__EXERCISE DETAILS__:
Produce an exact transcription of the listing below, omitting the pictures.

__SUPPLIED MATERIAL__:

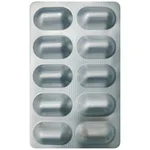 Palmiloq Capsule 10's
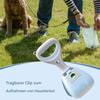 Dog Pooper Scooper for Dogs and Kittens view 2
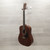 Used Martin D-10E Road Series Solid Top Acoustic Guitar Wood 40015-S000326357 View 6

__THE ANSWER__:
 Palmiloq Capsule 10's
 Dog Pooper Scooper for Dogs and Kittens view 2
 Used Martin D-10E Road Series Solid Top Acoustic Guitar Wood 40015-S000326357 View 6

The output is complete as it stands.